Chicken is the most popular poultry option; thereby it is produced and sold in enormous quantities. Although it is hard to get a spoiled one in the market or in a restaurant, you should know how to determine a chicken which has gone off. It is as easy as choosing the barber shops in Manhattan.
- Raw chicken
The color eventually fades to gray during the process of spoilage, whereas a fresh piece is pink. Yellow spots that are not skin also indicate the spoilage. The odor of the spoiled chicken is potent and mostly described as sour or sulfuric. A musty smell is a reason to discard it anyway. It is more difficult to define a bad one by touching it, though.

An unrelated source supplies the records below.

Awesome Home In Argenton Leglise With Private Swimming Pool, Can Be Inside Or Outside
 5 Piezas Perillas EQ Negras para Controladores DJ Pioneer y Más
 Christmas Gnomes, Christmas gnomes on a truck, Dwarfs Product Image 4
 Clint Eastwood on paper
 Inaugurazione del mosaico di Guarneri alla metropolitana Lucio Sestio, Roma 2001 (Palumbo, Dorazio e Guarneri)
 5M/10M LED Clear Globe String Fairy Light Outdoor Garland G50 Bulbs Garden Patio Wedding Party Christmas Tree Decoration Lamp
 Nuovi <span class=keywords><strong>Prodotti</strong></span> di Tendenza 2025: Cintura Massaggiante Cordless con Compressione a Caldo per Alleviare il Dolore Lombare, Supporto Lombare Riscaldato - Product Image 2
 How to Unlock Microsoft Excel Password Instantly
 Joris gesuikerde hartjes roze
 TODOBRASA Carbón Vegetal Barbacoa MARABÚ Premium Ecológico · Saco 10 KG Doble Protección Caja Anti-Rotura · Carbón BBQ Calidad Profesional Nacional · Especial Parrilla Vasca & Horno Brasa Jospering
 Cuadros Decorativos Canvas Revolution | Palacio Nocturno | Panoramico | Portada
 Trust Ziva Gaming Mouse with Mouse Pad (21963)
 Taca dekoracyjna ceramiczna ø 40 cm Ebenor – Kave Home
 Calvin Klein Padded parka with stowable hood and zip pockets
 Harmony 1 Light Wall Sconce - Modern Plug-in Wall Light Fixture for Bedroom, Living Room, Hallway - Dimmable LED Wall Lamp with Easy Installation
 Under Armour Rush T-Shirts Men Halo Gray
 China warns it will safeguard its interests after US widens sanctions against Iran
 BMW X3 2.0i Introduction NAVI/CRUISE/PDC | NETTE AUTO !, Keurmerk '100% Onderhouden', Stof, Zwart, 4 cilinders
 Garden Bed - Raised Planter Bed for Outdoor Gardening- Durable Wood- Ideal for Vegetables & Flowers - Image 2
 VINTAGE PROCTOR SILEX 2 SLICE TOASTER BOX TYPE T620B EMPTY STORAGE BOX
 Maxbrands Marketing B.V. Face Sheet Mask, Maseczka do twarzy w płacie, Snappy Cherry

If it retains the slimy feel after rinsing it (or it feels unusually sticky), better throw it away.
- Frozen chicken
A thick layer of ice, also known as the ice crust, is an utterly bad sign. Freezer burns are also a bad sign. You will recognize them as the white rashes, which are rougher than the skin. Although freezer burns are not dangerous, the chicken won’t be enjoyable. It is harder to check a frozen one by the color, but you can tell right away that it belongs to the rubbish bin in case it is gray or darker.
- Cooked chicken
Spices and seasonings won’t mask the odor of rotten eggs or sulfur, which is a sign of spoilage. If there is no color changing marinade, the cooked chicken must be white in the cut. It is not safe to eat a gray one. You will a gone off chicken by tasting it. If it tastes obviously “off” or has a smack of sourness, spit it out.
Don’t forget to check the “sell by” date in the market and make sure the chicken was stored properly. It should be stored in potty airtight containers.